Icicles – Part 2 and Match Clustering

Posted on January 8, 2019 by Jim Bartlett

Let me start by saying this Icicle methodology, here, has not been as useful or accurate as I thought it might be. I don’t want to steer the readers of this blog in the wrong direction.

I’ve used this Icicle method and expanded the number of my columns of icicles a lot. Some of them turn out to be very helpful, with many Matches from the same Ancestral line and/or from the same Triangulated Group (TG). However, many are not so helpful. After all, these Icicles are just In Common With (ICW) lists. ICW lists are found at AncestryDNA (called Shared Matches); at FamilyTreeDNA (called In Common With); at 23andMe (called Shared Relatives); at MyHeritage (called Shared DNA Matches); and at GEDmatch (called People who match both kits).

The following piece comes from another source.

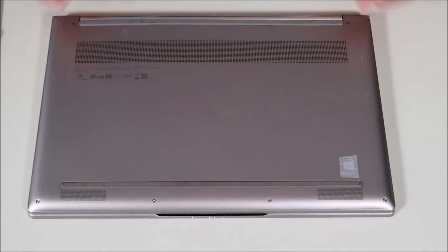And there you go — that's how you would access the solid-state drive in a Lenovo Yoga 9 laptop computer. Please like, share, and subscribe if this helped you out. If you want to support the channel a little further, please feel free to leave a super thanks.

Just a reminder: to get an ICW list, the program starts with a list of all your Matches (at that company) and compares your list with a list of all the Matches of a “base” Match (which you select) – the ICW list is a list of all Matches which are on both lists. In other words, the comparison is based on Match names, or kit IDs, and nothing more than that. In general, you and your selected base Match will have a shared DNA segment and a Common Ancestor (CA). Your ICW Matches may, or may not, share the same DNA segment and/or the same ancestral line. This provides powerful information when there is such an alignment; but it’s just a list of data – not much help – when there isn’t an alignment.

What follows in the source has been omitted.